Nesta sexta-feira (23) pela manhã, o grupo de origem chinesa ZTT, um dos líderes globais em tecnologia de fibra óptica, inaugura em Marechal Deodoro sua primeira fábrica no Brasil para a produção de cabos de fibra óptica – que será também a primeira do Nordeste.
Em valores de investimento, os R$30 milhões aportados inicialmente na primeira fábrica não representam, de fato, uma grande soma quando comparados a outros investimentos recentes na região – como os mais de R$ 200 milhões na recente fábrica da Portobello (para não falar dos mais de R$ 1 bilhão que a Braskem anunciou ter investido em sua fábrica de PVC em 2012).
Mas não é exatamente pelo valor inicial de investimento que o desembarque da ZTT pode sinalizar uma mudança na economia da região.
Além de já ter anunciado a intenção de expandir seus negócios no Estado (o grupo divulgou que, até 2017, pretende investir mais de R$ 200 milhões em fábricas de fibra óptica e de cabos condutores de Alumínio), a chegada do grupo de origem chinesa pode ter um significado maior como ponte para investimentos em pesquisa e desenvolvimento tecnológico no Estado.
Como o grupo já manifestou que pretende firmar parceria com universidades e com o governo para investir em Pesquisa e Desenvolvimento, o desembarque do grupo, se bem aproveitado, pode ajudar não apenas a criar novos vínculos entre o setor privado e a academia, como ajudar consolidar um novo ambiente no setor de tecnologia no Estado que já vem sendo fomentado por empresários e gestores locais.
O desembarque da própria ZTT, por sinal, já é de certa forma resultado desse novo ambiente criado nos últimos anos por empresários locais.

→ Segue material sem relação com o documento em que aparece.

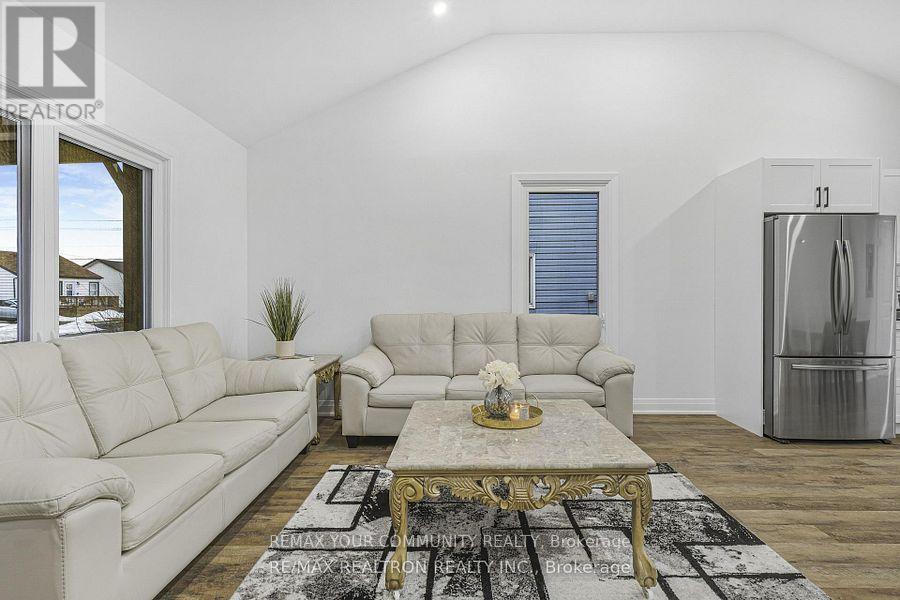 6167 SKINNER STREET - 6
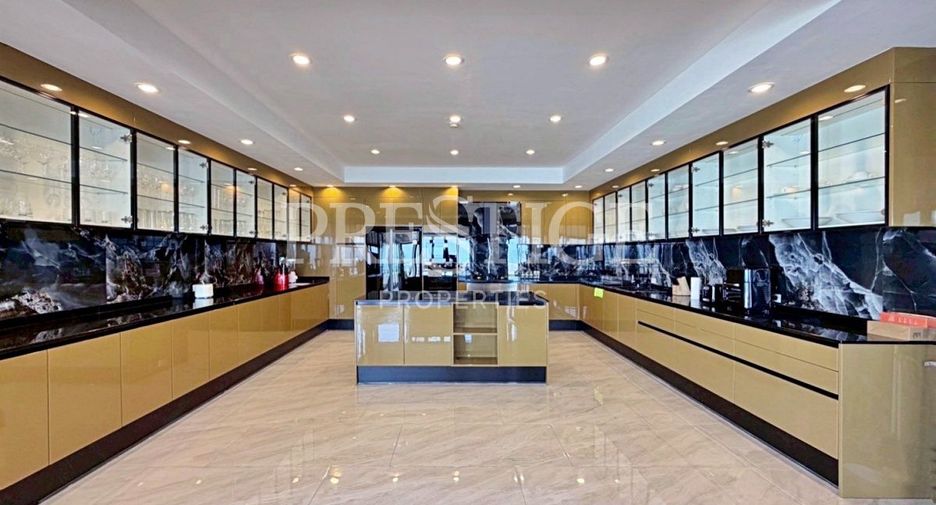 For rent 2 bedrooms condo in Na Jomtien, Pattaya
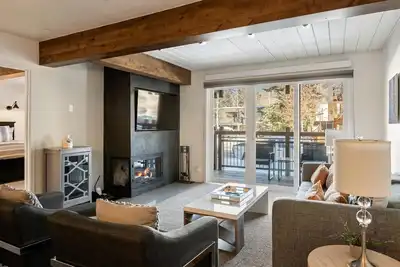 Image de Joliment rénové rez de chaussée deux chambres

Segundo o presidente da ZTT do Brasil, Alexandre Prioste, a “descoberta” de Alagoas para o investimento deveu-se em grande parte à mediação de uma empresa de telecomunicações alagoana, a Aloo Telecom, que também presta serviços em outros Estados do país.
Resta saber, agora, se o Estado e outras instituições do setor saberão aproveitar o investimento para criação de um novo corredor de indústrias ligadas à tecnologia na região.